La vidéo montrant le ministre des Affaires étrangères du Luxembourg s’emporter lors d’une prise de parole sur l’immigration du ministre italien de l’Intérieur est révélatrice de cette évolution. Et ce n’est pas pour rien que la réforme de la législation européenne sur la migration est au point mort depuis des mois. Les lignes rouges de chacun ne se croisent plus depuis l’arrivée au pouvoir d’extrêmes, en particulier en Italie. Et au fond, Matteo Salvini a-t-il intérêt à trouver une solution à ce problème ? A chaque fois qu’il défie ses partenaires européens, il progresse dans les sondages. 

« Changer les choses de l’intérieur »

La pire erreur que pourraient faire les démocrates est de penser que ces mouvements d’extrême droite ou droite radicale n’ont pas de vision de l’Europe ou qu’elle se limiterait à vouloir tout détruire.

Il y a quelques années, ce constat pouvait être vrai. Aujourd’hui, ce n’est plus le cas. Ils savent très bien où ils vont, ce qu’ils font. Ils veulent le pouvoir et le disent. L’interview au Time de Matteo Salvini est une lecture obligatoire pour comprendre ce qu’il se joue actuellement.
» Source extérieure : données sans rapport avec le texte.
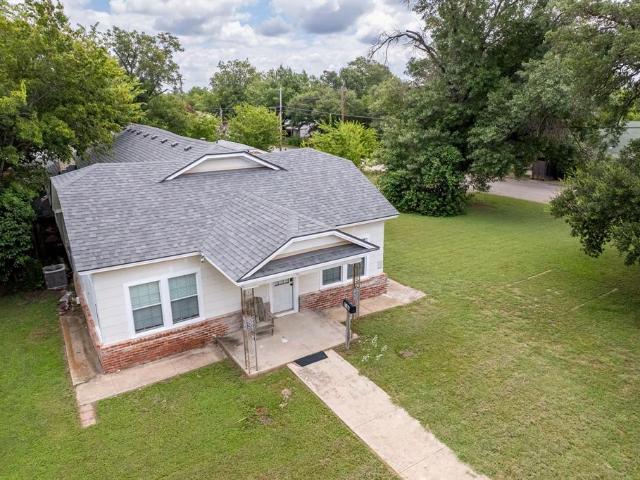 House for sale in Brownwood, Texas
« Nous travaillons à rétablir l’esprit européen qui a été trahi par ceux qui gouvernent cette Union (…). Je choisis de changer les choses de l’intérieur. C’est probablement plus difficile, c’est plus long et plus compliqué, mais c’est une solution plus concrète. Travailler de l’intérieur pour modifier les politiques monétaires, financières, agricoles, commerciales et industrielles ».

Matteo Salvini a choisi. Il peut vivre avec l’euro, si cela lui permet de mener ses combats. En France, le FN n’a pas encore affirmé clairement ce choix, il hésite. Mais qu’arrivera-t-il s’il finit par le faire ? Quelle différence restera-t-il avec l’aile droite des Républicains ?

Lutte à mort

Les propos de l’Italien sont très proches de ceux du Premier ministre hongrois. Malgré ses diatribes contre l’UE, ses invectives contre une prétendue élite bruxelloise vendues aux intérêts mondialistes, a aucun moment Viktor Orban ne souhaite sortir de l’UE. Ni même du Parti populaire européen (PPE), où siègent normalement les formations de centre-droit. Lui aussi veut changer tout cela « de l’intérieur ».
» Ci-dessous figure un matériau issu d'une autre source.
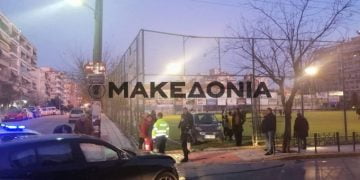 Αυτοκίνητο τράκαρε και μπήκε σε γηπεδάκι ποδοσφαίρου στον Εύοσμο (Βίντεο)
Dans un discours prononcé en juillet dernier, le Hongrois a clairement détaillé ses intentions. Son plan n’est nullement secret. Face à ses partisans, il a déclaré:

« Rassemblons donc nos forces, assumons ce débat spirituel [autour de la démocratie chrétienne, ndlr], et équipons-nous ainsi en vue des élections européennes. Nous nous trouvons devant un grand moment, et nous verrons s’il se réalise. Nos chances sont là. Ce n’est pas seulement à la démocratie libérale, et au système libéral non démocratique qui s’est construit dessus que nous pourrons dire adieu en mai prochain, mais à l’ensemble de l’élite soixante-huitarde avec ses armes et ses bagages ».

Nous assistons ainsi à une convergence des droites, celle dite « dure » et celle simplement extrême, avec en ligne de mire les élections européennes de mai 2019. Leur premier ennemi n’est pas forcément la gauche, les Verts ou l’extrême gauche. Non, leur premier adversaire est la droite traditionnelle, celle qui allie conservatisme, tolérance et libéralisme (sociétal ou économique). Matteo Salvini et Viktor Orban ont besoin de l’affaiblir pour pouvoir s’imposer et c’est pour cela que le principal champ de bataille se situe aujourd’hui au sein de la droite européenne. Dans ce combat, apparaissent les traits d’une Europe politique. L’affrontement est transfrontalier, car les intérêts de chacun le sont aussi.

Mais quelle Union émergera ? Quel chemin veut la droite européenne veut-elle emprunter ? Est-elle prête à prendre le risque de perdre le pouvoir en éjectant ses éléments les plus radicaux ? Ou estime-t-elle qu’elle saura dominer la bête en la gardant près d’elle ? Par le passé, ce second scénario s’est toujours révélé une erreur. La bête a toujours fini par dévorer son créateur et protecteur.